**Task item:** Restate word for word every entry that appears below, skipping its pictures.

[[ Supplied entries, beginning ]]

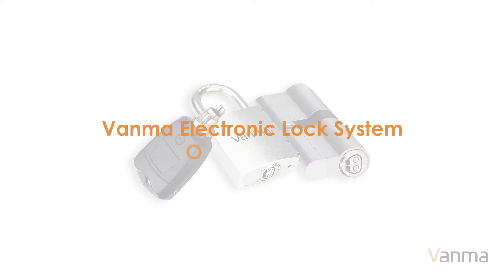Vama Electronic Lock System: How does it work? It only takes a few steps to easily improve your property security.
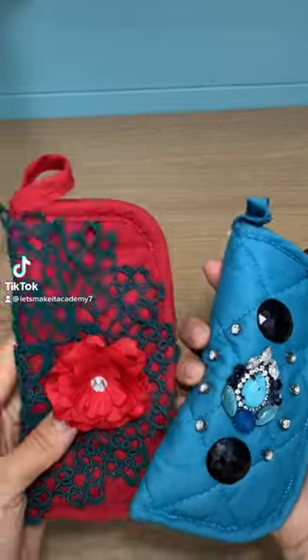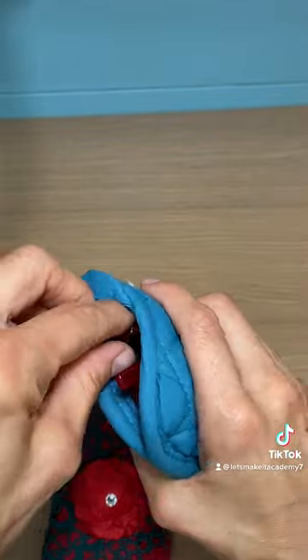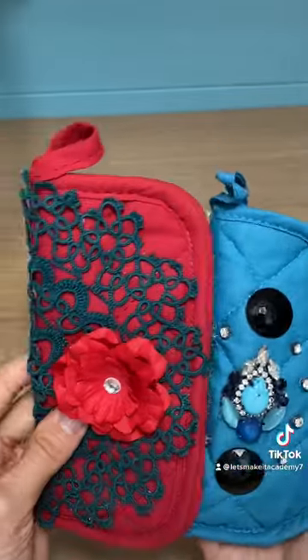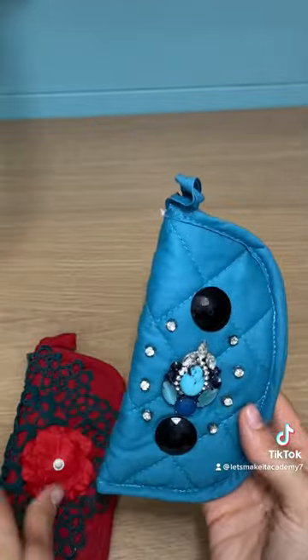Look what I made with Dollar Tree potholders. I got these at the Dollar Tree — at the time they were two for a dollar, but now they're two for $1.25. I made these awesome sunglass or eyeglass case holders. What's great is that they're already padded, so all you need to do is sew around.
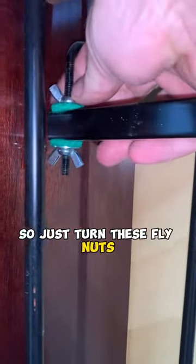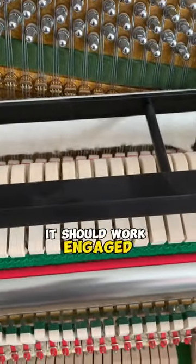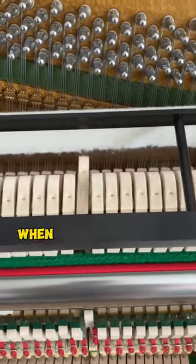Just turn these fly nuts until you get it where you like it. It may take several attempts, but once you get it there it should work engaged, and when it's disengaged the felt should not touch the hammers when the hammers are played.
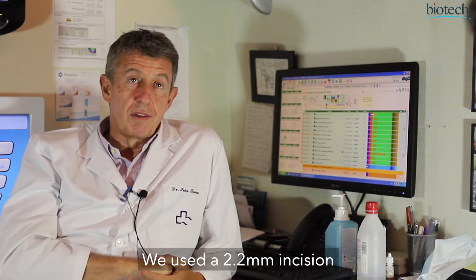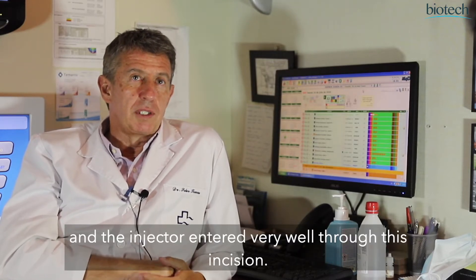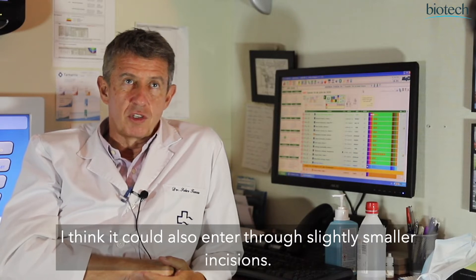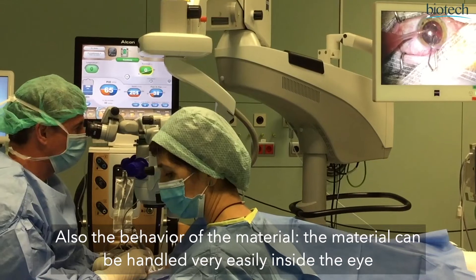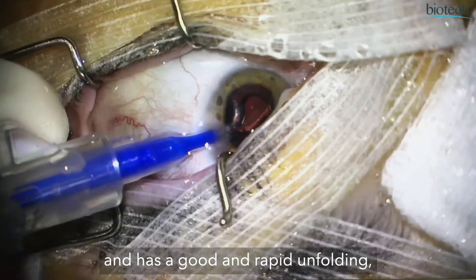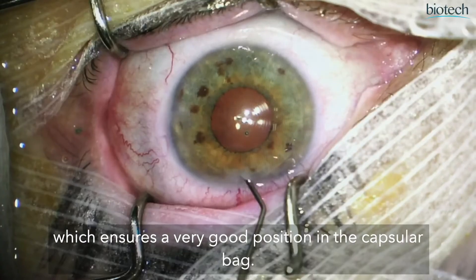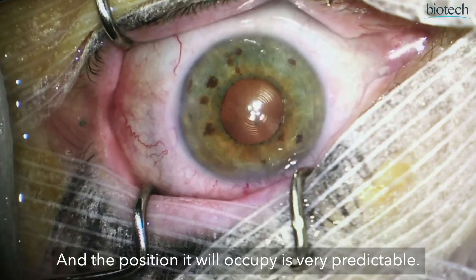With these lenses we use a 2.2mm incision and the injector enters very well for this incision. I think it can also be entered through incisions a little smaller, with good behavior in the material. The material manipulates very well in the eye, has a good and quick deployment, which ensures a very good position in the capsular bag — you can be very sure of the position it occupies.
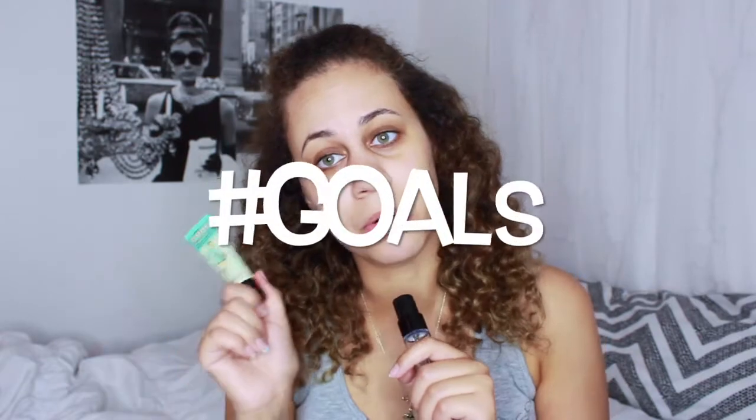I also have the Benefit Porefessional Cream and I really love this stuff so much. I really think it gives my face a nice, flawless complexion when I put it on, which is goals. I'm going to put the primer on this half of my face, mostly because I have a few zits on my face. I get about a little bit less than a penny size — a little glob — and I just rub it all over my fingers and gently buff it into my skin.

[[ Supplied entries, end ]]

**Exercise answer:**
Vama Electronic Lock System: How does it work? It only takes a few steps to easily improve your property security.
Look what I made with Dollar Tree potholders. I got these at the Dollar Tree — at the time they were two for a dollar, but now they're two for $1.25. I made these awesome sunglass or eyeglass case holders. What's great is that they're already padded, so all you need to do is sew around.
Just turn these fly nuts until you get it where you like it. It may take several attempts, but once you get it there it should work engaged, and when it's disengaged the felt should not touch the hammers when the hammers are played.
With these lenses we use a 2.2mm incision and the injector enters very well for this incision. I think it can also be entered through incisions a little smaller, with good behavior in the material. The material manipulates very well in the eye, has a good and quick deployment, which ensures a very good position in the capsular bag — you can be very sure of the position it occupies.
I also have the Benefit Porefessional Cream and I really love this stuff so much. I really think it gives my face a nice, flawless complexion when I put it on, which is goals. I'm going to put the primer on this half of my face, mostly because I have a few zits on my face. I get about a little bit less than a penny size — a little glob — and I just rub it all over my fingers and gently buff it into my skin.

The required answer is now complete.